Devletin her kademesine sızıp, iç savaş ve parçalanmanın şartlarını aşıladır. Bunlar iffetsizliğe kucak atan, vaiz geçinip vandallara bile taş çıkartan aklını ve ruhunu kaybetmiş FETÖ terör örgütünün uşaklarıdır. Bunların hakkından hukuken gelmek vaciptir. Hatırlıymış, tanınıyormuş, arkası kaviymiş, sırtı pekmiş... Bırakınız bu safsataları, geçiniz bu bayat taktikleri. Haine merhamet, mazluma ihanettir. Caniye hoşgörü, masumiyete karşı işlenmiş cinayettir. Türkiye düşmanlarına acınırsa, çok geçmez, fazla sürmez acınacak hale aziz Türk milleti düşer. Pensilvanyalı barbarın kirli oyuncuları varmış, kaç yazar? Destekçileri arasında pek çok ülke varmış, ne çıkar? ABD yediriyor, içeriyor, Almanya FETÖ'cülerin iltica taleplerini kabul ediyormuş, ne fark eder? Kahraman Türk neslinin ateşe kök söktüren kuvvetli nefesi, bunları yerle bir etmeye yeterlidir.

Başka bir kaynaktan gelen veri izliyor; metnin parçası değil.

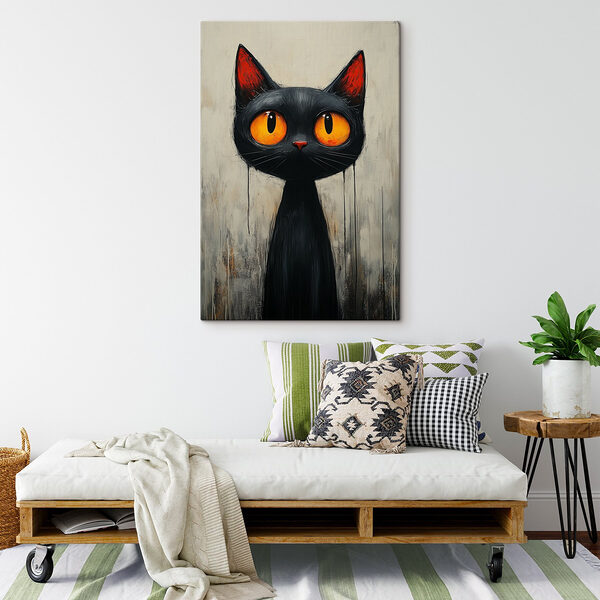 Black cat with orange eyes Black cat with orange eyes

ABD'NİN PKK/YPG'Yİ SİLAHLANDIRMASI İYİ NİYET İHLALİDİR

Muhterem arkadaşlarım, hatırlarsanız ABD yönetimi terör örgütü PKK'nın Suriye kolu olan YPG'ye yönelik ağır silah yardımını 9 Mayıs'ta yayınlanan kararname ile resmileştirmişti. Bu karara dayanak olarak Rakka'ya yapılması planlanan askeri operasyon gösterilmiştir. ABD, ülkemizin çağrılarına kulak asmamış ve bir terör örgütü ile yol yürümeye karar vermiştir. PKK/YPG'nin silahlandırılması, iyi niyet ihlalidir. Obama döneminden miras kalan IŞİD bahanesi ile PKK, YPG'yi güçlendirmek akla uygun değildir. Terörün iyisi veya kötüsünün olmadığı söyleyegeldiğimiz bir hakikattir. Bir terör örgütünün bir başka terör örgütü ile ortadan kaldırma çabaları sorunları büyütecektir. Hangi terör örgütü olursa olsun, bunlara verilen destek ve yardımların bir süre sonra daha ciddi sorunlara yol açacağı unutulmamalıdır. Afganistan örneğinin ne anlama geldiğini en iyi bilmesi gereken ülke ABD'dir. Burada silahlandırılan grupların ABD'yi nasıl hedef aldığını 11 Eylül dolayısı ile hepimiz biliyoruz. Bugün Afganistan merkezli terör oluşumlarından bahsediyorsak ABD yönetiminin hata ve yanlışlarını gözden uzak tutmamalıyız. Ağır silahların YPG'ye verilmesi, sorumlu devlet anlayışı ile izah edilecek yanı yoktur. ABD, Türkiye gibi önemli bir müttefikine karşı büyük bir saygısızlık ve husumet örneği göstermiştir. ABD'nin bu tercihinin Türkiye nazarında sorgulanması gayet tabidir. ABD yönetiminin PKK/YPG'yi silahlandırma kararı alması sürpriz değildir. Suriye krizi başladığı günden beri bu terör örgütünü silahlandıran da, göz yuman da Washington yönetimidir. Bu konuda bir diğer suç ortağı da Moskova yönetimidir. Bunların hepsini şimdiye kadar yaşadık ve gördük. Anlaşılan gerçek odur ki, PKK ile iş tutan ve sözde Kürdistan hayali kuran karanlık lobiler, düşman çevreler boş durmamaktadır.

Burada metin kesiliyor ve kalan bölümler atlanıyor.